# Lush and sweat question



## Galavanting Gifts (Apr 21, 2009)

Is LUSH m&p and if so then how on earth do they prevent their soaps from sweating whilst on display?


----------



## OceanGirl-3 (Apr 21, 2009)

I think cause of the SLS'S in it 
I have tried a bases with nasty SLS and there dry i use bases that have non sls and they sweat too but i rather a non sls than an sls base 

I not sure if this is why *hides* what i have used and noticed
 

Some one will know   

Kristie

WELL SORRY NOT ALL THERE SOAP PRODUCTS HAVE SLS *RUNS & HIDES*


----------



## SiberianSF (Apr 22, 2009)

I don't know if it has to do with SLS or not, but maybe there is some kind of climate control going on inside of the stores? I have not had a soap sweat yet, but again, there is practically zero humidity where I live. Maybe they keep the store air dry on purpose?


----------



## topcat (Apr 22, 2009)

The Lush store near me has an open front - no doors - though it is in a shopping centre.  To handle, the soap feels dry to the touch.  Looking at the ingredients it seems to be a soap hybrid - some saponified ingredients, lots of water, and SLS, propylene glycol and hardeners - it doesn't seem to include the ingredients I have seen in MP bases which give it its meltability...I think people think it is MP as some MP bases contain propylene glycol.  PG isn't what gives MP its melting ability (not on its own anyway).

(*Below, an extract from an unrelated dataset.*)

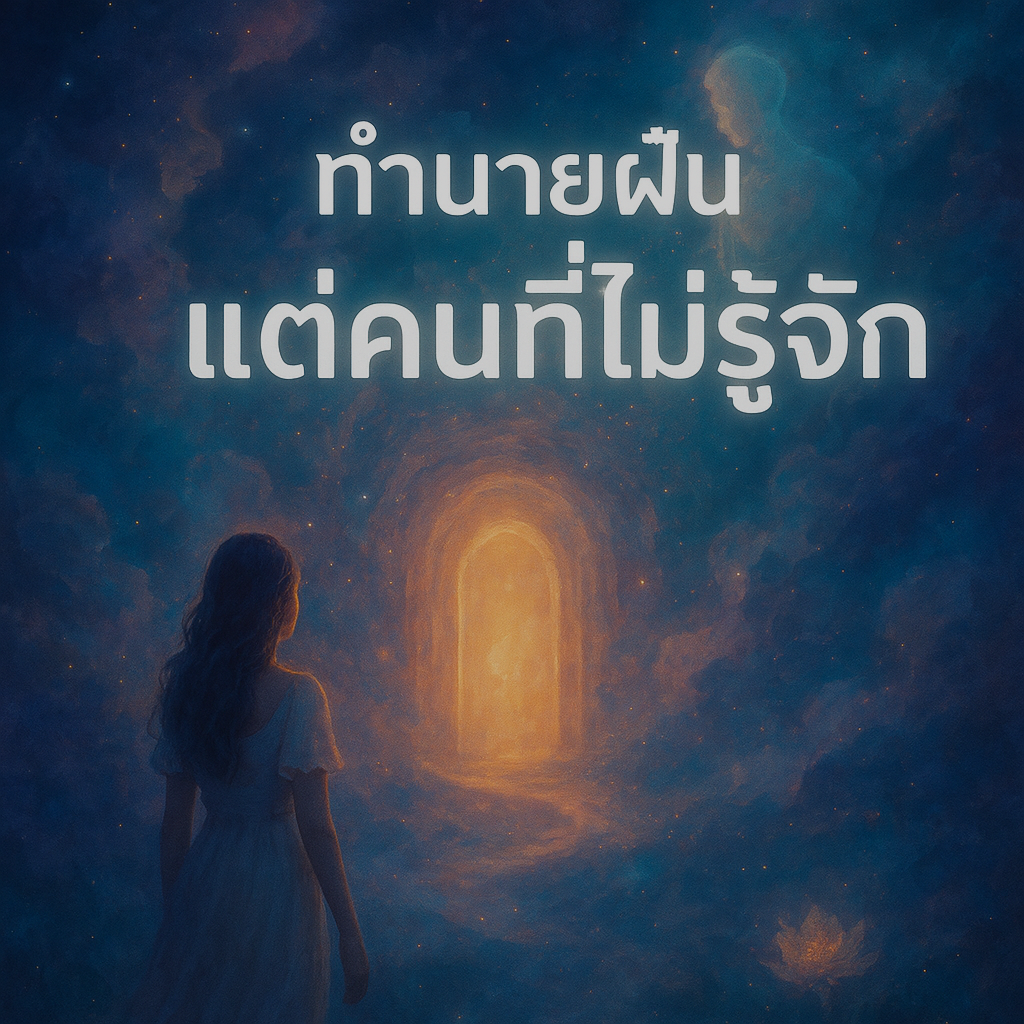 ทำนายฝัน แต่คนที่ไม่รู้จัก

BTW - this is all just IMHO :wink: 

Tanya


----------



## pepperi27 (Apr 23, 2009)

I once saw a soap seller in a fair, his soaps were clearly mp and were sitting smack in front of the hot sun. Nothing was melting or sweating or anything. They were not wrapped either. I'm still surprised and suspect it maybe an ingredient in the soap but not sure which one.


----------



## Galavanting Gifts (Apr 23, 2009)

OceanGirl-3 said:
			
		

> I think cause of the SLS'S in it
> I have tried a bases with nasty SLS and there dry i use bases that have non sls and they sweat too but i rather a non sls than an sls base
> 
> I not sure if this is why *hides* what i have used and noticed
> ...



OceanGirl-3, I did the stupid thing recently of purchasing a huge batch of m&p recently without asking about the ingredients in it first, it arrived and I found out it had SLS in it GRRRRR to send it back or sell it on was not working for me and would have cost me more money in postage etc which I cannot afford to do, so i've used it and for those out there that are not concerned about it have been happy to still purchase it. It was just a silly mistake on my behalf, however I did find that it still sweats, must be out humidity.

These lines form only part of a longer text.